Scraped caption text data
____

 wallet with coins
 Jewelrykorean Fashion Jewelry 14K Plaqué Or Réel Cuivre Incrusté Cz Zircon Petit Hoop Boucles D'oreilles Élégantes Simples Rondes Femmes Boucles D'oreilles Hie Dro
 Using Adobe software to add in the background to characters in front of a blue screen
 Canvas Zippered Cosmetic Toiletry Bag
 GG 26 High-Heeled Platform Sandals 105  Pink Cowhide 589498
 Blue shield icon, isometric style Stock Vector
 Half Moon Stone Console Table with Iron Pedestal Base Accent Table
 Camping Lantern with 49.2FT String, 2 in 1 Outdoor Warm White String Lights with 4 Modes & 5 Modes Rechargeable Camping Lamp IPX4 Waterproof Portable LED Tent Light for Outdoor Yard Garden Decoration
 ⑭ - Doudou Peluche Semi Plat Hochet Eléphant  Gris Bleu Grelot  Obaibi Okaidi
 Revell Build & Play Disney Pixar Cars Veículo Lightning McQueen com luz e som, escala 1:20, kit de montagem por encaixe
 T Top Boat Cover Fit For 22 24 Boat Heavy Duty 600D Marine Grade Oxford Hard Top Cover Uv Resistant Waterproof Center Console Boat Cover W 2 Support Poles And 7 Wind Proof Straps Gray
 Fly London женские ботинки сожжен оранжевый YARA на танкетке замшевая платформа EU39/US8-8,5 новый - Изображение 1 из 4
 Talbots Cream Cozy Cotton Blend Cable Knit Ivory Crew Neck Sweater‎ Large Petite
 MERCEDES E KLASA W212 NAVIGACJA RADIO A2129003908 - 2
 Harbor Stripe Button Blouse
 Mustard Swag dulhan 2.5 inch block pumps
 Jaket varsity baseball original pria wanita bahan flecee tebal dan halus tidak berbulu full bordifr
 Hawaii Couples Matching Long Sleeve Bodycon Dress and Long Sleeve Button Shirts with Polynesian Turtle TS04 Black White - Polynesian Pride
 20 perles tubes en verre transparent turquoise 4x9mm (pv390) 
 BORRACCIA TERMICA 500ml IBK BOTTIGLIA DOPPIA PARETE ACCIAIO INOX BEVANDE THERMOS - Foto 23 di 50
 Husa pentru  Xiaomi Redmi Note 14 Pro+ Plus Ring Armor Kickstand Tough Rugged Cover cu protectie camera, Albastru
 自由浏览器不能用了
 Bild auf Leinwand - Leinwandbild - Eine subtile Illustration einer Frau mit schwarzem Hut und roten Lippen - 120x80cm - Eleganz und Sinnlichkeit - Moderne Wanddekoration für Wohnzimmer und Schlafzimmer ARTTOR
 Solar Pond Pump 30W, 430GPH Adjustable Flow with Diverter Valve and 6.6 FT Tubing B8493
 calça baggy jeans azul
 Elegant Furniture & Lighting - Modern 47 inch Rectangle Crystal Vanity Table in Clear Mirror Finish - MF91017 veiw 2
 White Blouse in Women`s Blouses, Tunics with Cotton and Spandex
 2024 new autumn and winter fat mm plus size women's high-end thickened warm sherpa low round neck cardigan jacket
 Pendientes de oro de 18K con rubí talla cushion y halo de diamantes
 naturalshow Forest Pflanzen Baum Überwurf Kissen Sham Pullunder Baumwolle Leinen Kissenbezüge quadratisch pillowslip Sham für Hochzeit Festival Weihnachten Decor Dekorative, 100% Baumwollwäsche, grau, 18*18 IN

____

» PROBLEM DESCRIPTION
Retype the lines from the one containing "Pendientes de oro" to the last line above. Change nothing and include no others.

» SOLUTION TO THIS EXERCISE
 Pendientes de oro de 18K con rubí talla cushion y halo de diamantes
 naturalshow Forest Pflanzen Baum Überwurf Kissen Sham Pullunder Baumwolle Leinen Kissenbezüge quadratisch pillowslip Sham für Hochzeit Festival Weihnachten Decor Dekorative, 100% Baumwollwäsche, grau, 18*18 IN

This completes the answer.